Steve Bannon, classe ’53, di Norfolk, Virgina, è una pedina importante nello scacchiere politico di Donald Trump. Appartenente all’estrema destra, non si è nascosto nel definire lo stesso tycoon “un moderato”, sebbene sia stato il suo ideologo. Con un ruolo determinante nel gruppo “Make America Great Again” (Maga), è il cavallo che più traina a destra il movimento, forte anche di un podcast che conduce da alcuni anni, il cui titolo non lascia spazio a fraintendimenti: “War Room”.
Laureato in pianificazione urbana, con un passato persino da produttore di film e documentari a Hollywood, negli anni ’90 ha iniziato a interessarsi alla politica, sviluppando idee che combinavano nazionalismo economico e conservatorismo populista. Si è quindi avvicinato a Donald Trump, sostenendolo nella campagna elettorale del 2016 e rivestendo in quel contesto un ruolo cruciale, con il quale è riuscito a plasmare la strategia che ha consentito la sua elezione a presidente degli Stati Uniti, per poi ottenere, subito dopo, una nomina a capo stratega della Casa Bianca. Poi ha seguito Donald Trump anche con i guai giudiziari.
Attualmente è in carcere, ove sta scontando una condanna a quattro mesi per essersi rifiutato di testimoniare dinanzi alla Corte in merito ai fatti di Capitol Hill. “Sono un prigioniero politico”, ha detto, ma allo stesso tempo si è dichiarato “orgoglioso di andare in prigione, senza rimpianti, orgoglioso di quello che ho fatto”, nella convinzione che quel “War Room”, già molto seguito, con la sua detenzione potesse crescere ulteriormente.
La notizia di oggi è che Bannon dovrà affrontare un altro processo, questa volta per un tentativo di truffa e un’accusa di riciclaggio, ben 15 milioni di dollari che sono stati raccolti per la costruzione del muro con il Messico tanto caro a Trump.

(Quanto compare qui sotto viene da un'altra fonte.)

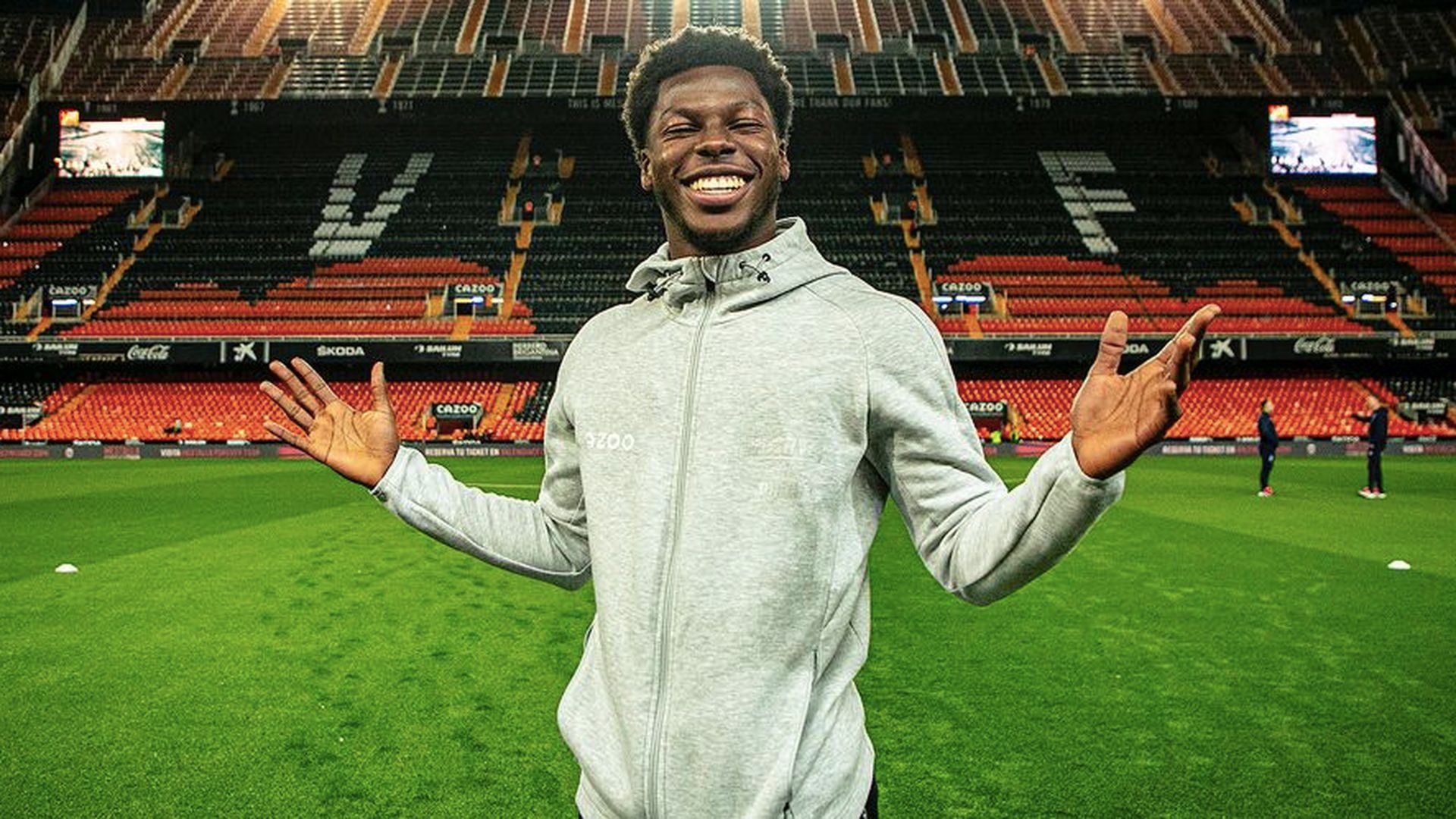 yunus_musah_antes_del_valencia_cf___nottingham_forest_foto_valencia_cf_001.png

La permanenza di Bannon alla Casa Bianca era stata già oggetto di controversie, a causa di uno stile comunicativo particolarmente diretto e aggressivo, nonché per le politiche che contestualmente ha promosso. È stato sollevato dagli incarichi nel 2017, a causa di tensioni interne all’amministrazione e per una crescente pressione pubblica e mediatica particolarmente invisa. Tutto ciò non lo ha per nulla demoralizzato, seguitando a influenzare la politica conservatrice sia negli Stati Uniti che in Europa e restando molto attivo nei media. “Sulla questione dell’immigrazione al confine meridionale con il Messico, abbiamo visioni ben diverse”, ha riferito in una recente intervista al noto giornalista americano David Brooks, riferendosi con il “noi” agli attivisti appartenenti al gruppo Maga; la sua opinione è invece ben sintetizzata: “devono andare tutti a casa”. E lo dice in maniera ferma, secca.

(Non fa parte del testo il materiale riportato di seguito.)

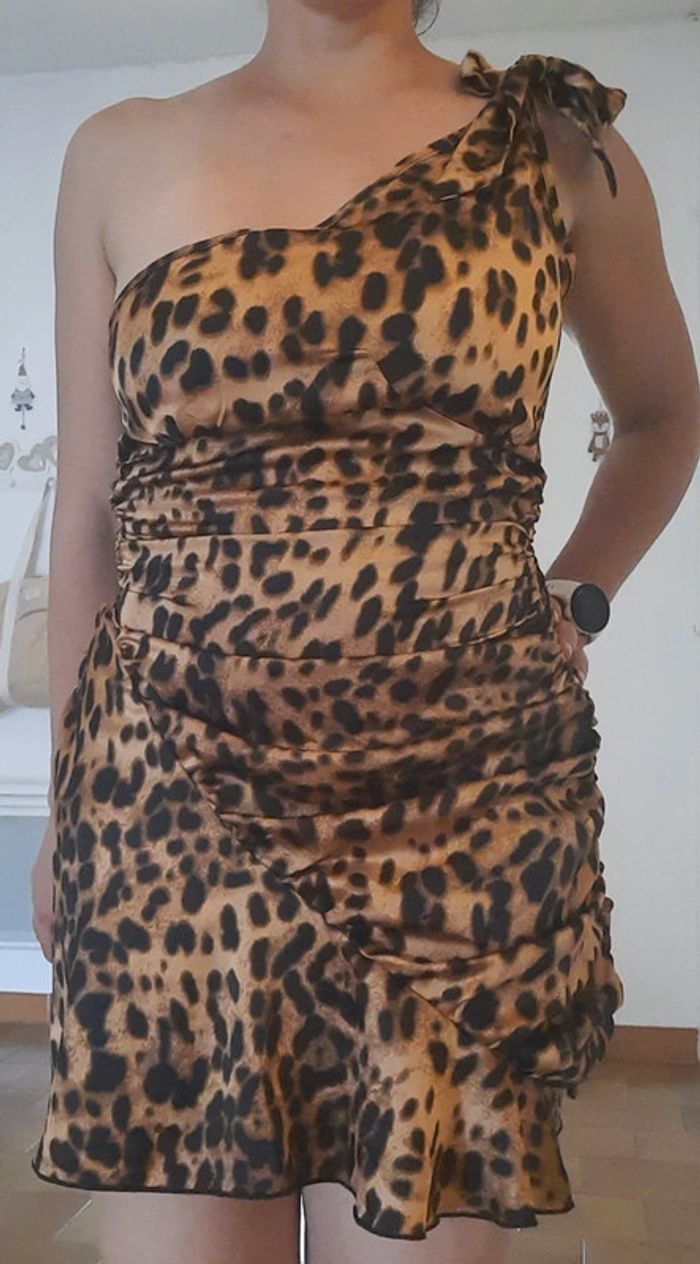 Robe léopard 🐆 - photo numéro 2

In relazione alla campagna elettorale e ai rapporti con i democratici, Bannon va avanti per la sua strada: “non c’è possibilità di dialogo, lottiamo per la nostra repubblica, non cerchiamo compromessi, ma la vittoria”, ha dichiarato, convinto della nuova rielezione del tycoon dopo che in tempi non sospetti aveva già profetizzato l’uscita di scena di Biden.

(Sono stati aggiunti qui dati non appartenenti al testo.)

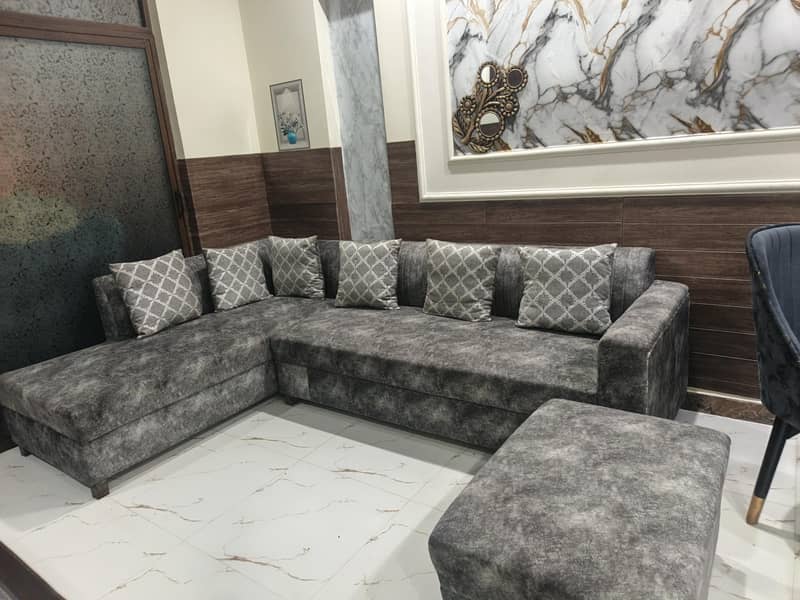 L shape sofa 0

Steve Bannon ha una visione influenzata da una profonda sfiducia verso le élite e le istituzioni globali e possiede uno stile comunicativo orientato a polarizzare e radicalizzare il discorso politico. Non c’è spazio per la globalizzazione, che arricchisce solo le élite a scapito delle classi lavoratrici, così come non c’è spazio per le guerre, specie se “infinite”, come quelle condotte dagli Stati Uniti in Iraq e Afghanistan, che hanno drenato risorse e sangue americano senza portare benefici tangibili per il paese. Ovviamente, lui come l’altro “75% dei nostri attivisti non vuole più versare un penny in territorio ucraino”.
Queste le idee più significative, ma tutte confluiscono su quella più importante, il nazionalismo a 360 gradi, l’unico in grado di proteggere gli interessi degli Stati Uniti, che sono assolutamente prioritari rispetto ad ogni altra questione di livello internazionale.
Il 31 ottobre prossimo uscirà dal carcere, in tempo per le elezioni presidenziali e per affrontare, il 9 dicembre, questo nuovo processo; e, anche se al momento l’uso di internet è molto limitato, resta convinto che “non c’è prigione che mi farà mai tacere. Vinceremo questo caso (ovvero quello relativo alla mancata comparizione dinanzi alla corte). Vinceremo alla Corte Suprema e vinceremo il 5 novembre”.